Segment Start: EXTRACTED ENTRIES

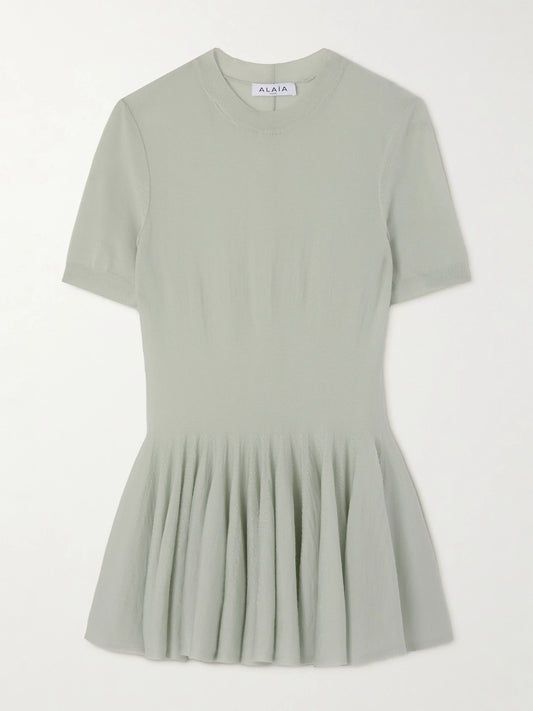 Image of a model wearing Tops. Product name - Wool Peplum Top in Gray green colour by brand - Alaïa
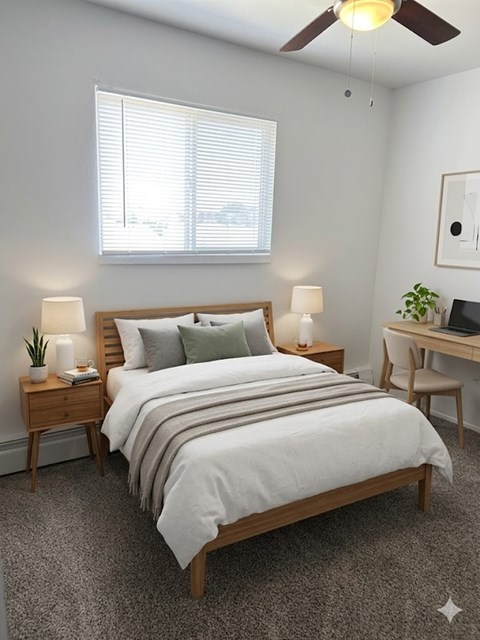 A bedroom with a bed, desk, and chair.
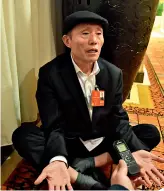  ??  ?? Li Liancheng assis par terre lors de l’interview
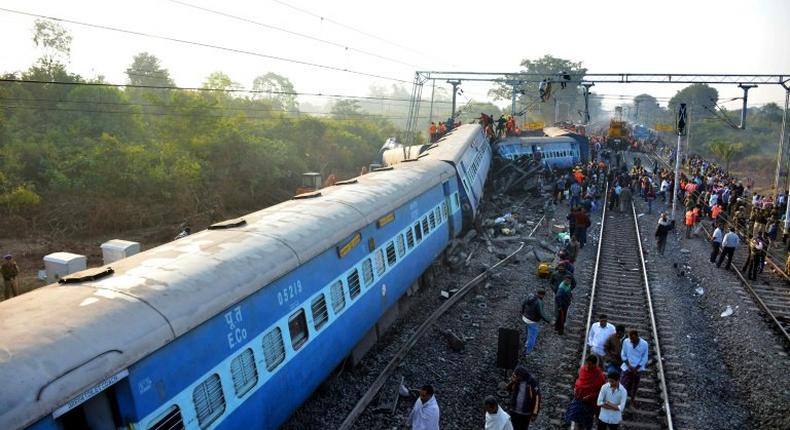 Rescue workers search for victims at the site of the derailment of the Jagdalpur-Bhubaneswar express train near Kuneru station in Andhra Pradesh state, southern India on January 22, 2017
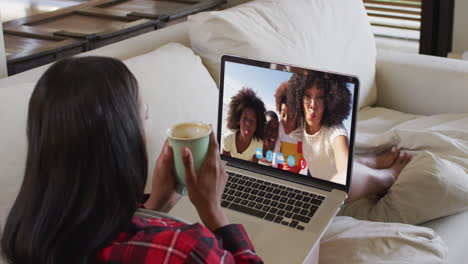 Eine-Afroamerikanische-Frau-Hält-Eine-Kaffeetasse-In-Der-Hand-Und-Führt-Einen-Videoanruf-Auf-Einem-Laptop,-Der-Zu-Hause-Auf-Der-Couch-Sitzt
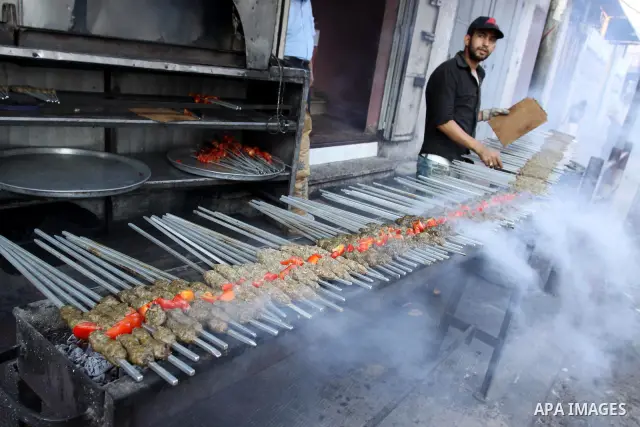 A Palestinian vendor sells grilled meat "Kebabs" in his shop in Gaza city on Aug. 16, 2011. Muslims around the world abstain from eating, drinking and conducting sexual relations from sunrise to sunset during Ramadan, th...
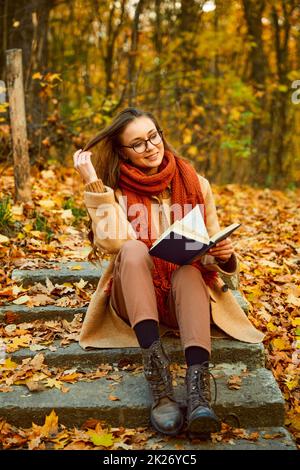 Primo piano di una giovane donna che legge libro all'aperto Foto Stock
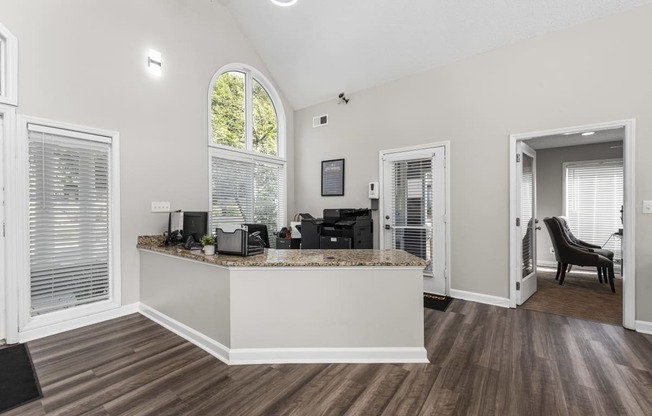 the living room and kitchen of a home with an arched window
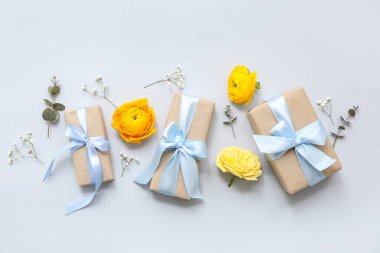 Mavi arka planda çiçekler olan güzel paketlenmiş hediye kutuları.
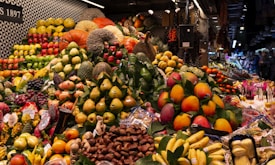 A vibrant array of fresh fruits displayed in a market setting, featuring a diverse selection including melons, bananas, pears, and mangoes. The fruits are arranged in a colorful and abundant manner, creating an inviting and lively atmosphere. The backdrop suggests a bustling market environment with various stalls in the background.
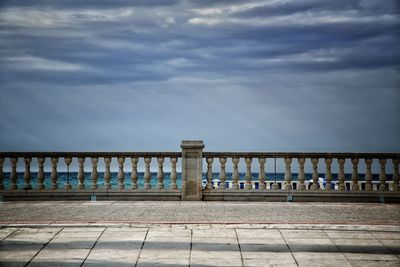 Row of railing against sky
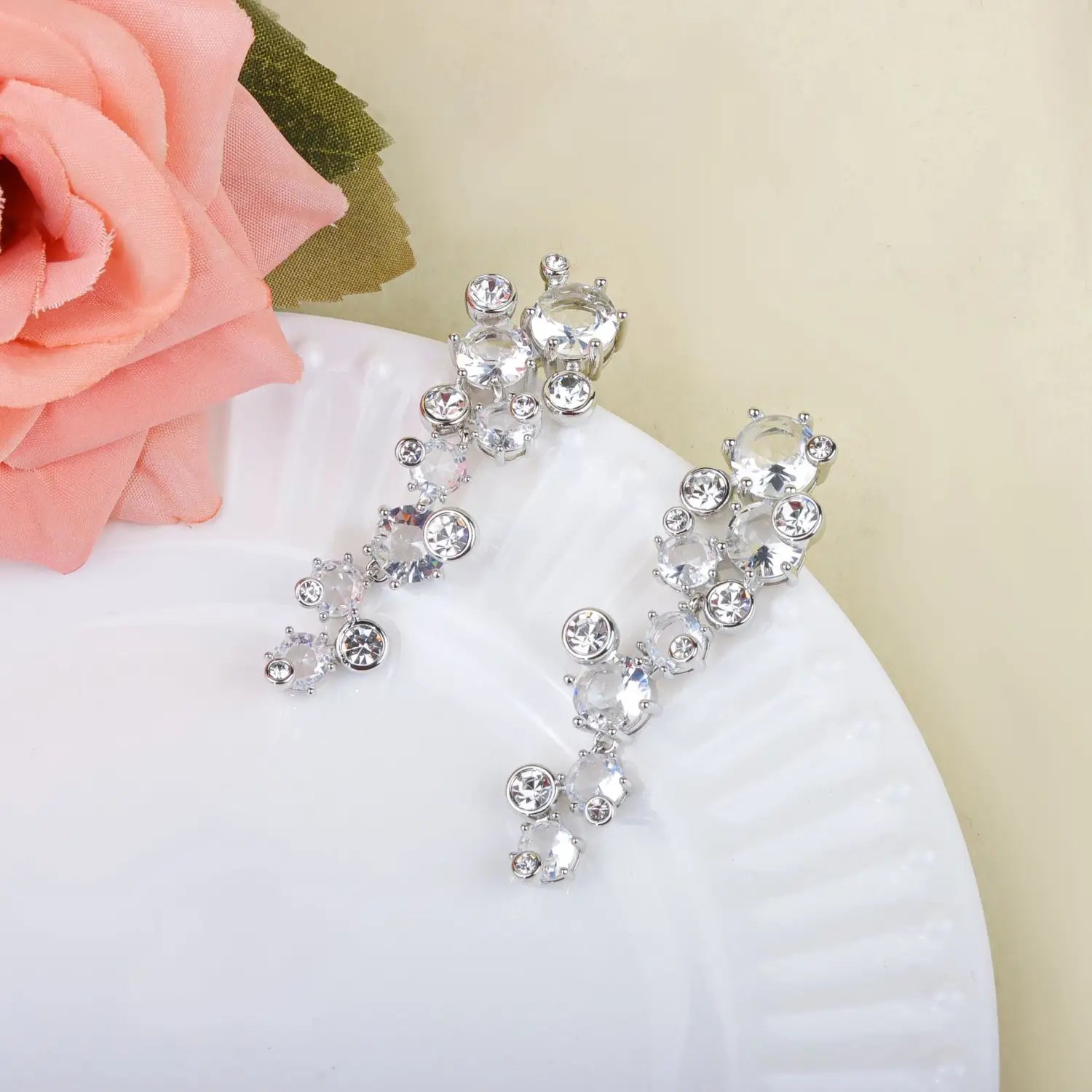 Une paire de boucles d’oreilles pendantes dégradées ton argent, ornées de cristaux facettés transparents, issues d’un ensemble de bijoux de mariage en cristal comprenant un collier en argent et des boucles d’oreilles.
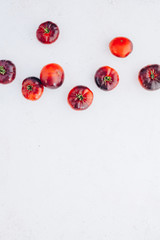 Tomatoes Mar Azul on white wooden table background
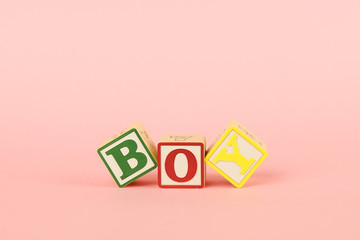 Colored cubes with letters Boy on a pink background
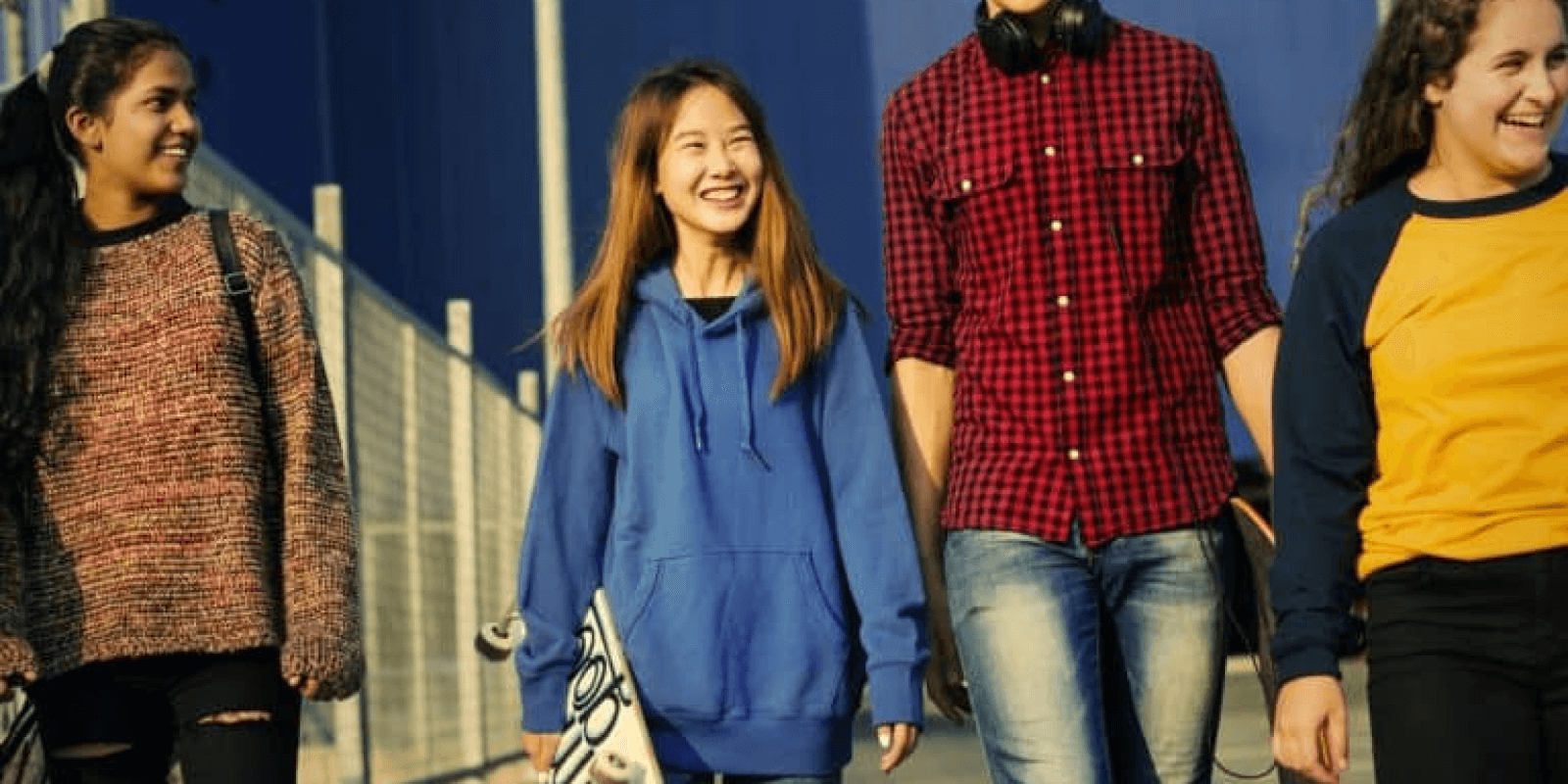 Group of young adults each wearing different color t-shirt, smiling and walking down the street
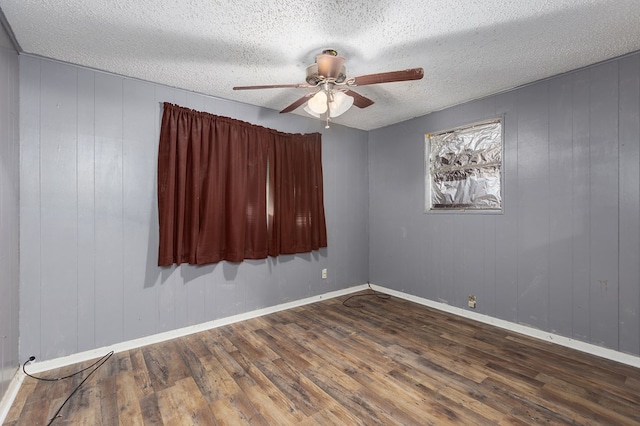 empty room with dark wood-type flooring, baseboards, a ceiling fan, and a textured ceiling
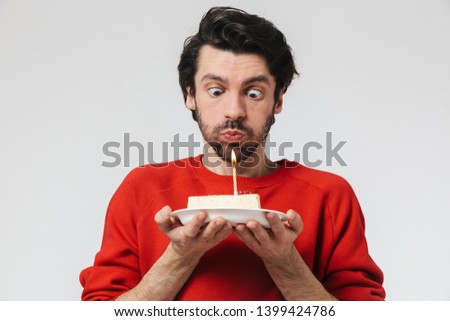 Image of a handsome young excited man posing isolated over white wall background holding birthday cake holidays.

Segment End: EXTRACTED ENTRIES

## INSTRUCTIONS FOR THE TASK
Copy word for word the lines above, starting at the line containing "Row of railing against sky" and ending at the line containing "Tomatoes Mar Azul", inclusive, with no pictures.

## WRITTEN SOLUTION
 Row of railing against sky
 Une paire de boucles d’oreilles pendantes dégradées ton argent, ornées de cristaux facettés transparents, issues d’un ensemble de bijoux de mariage en cristal comprenant un collier en argent et des boucles d’oreilles.
 Tomatoes Mar Azul on white wooden table background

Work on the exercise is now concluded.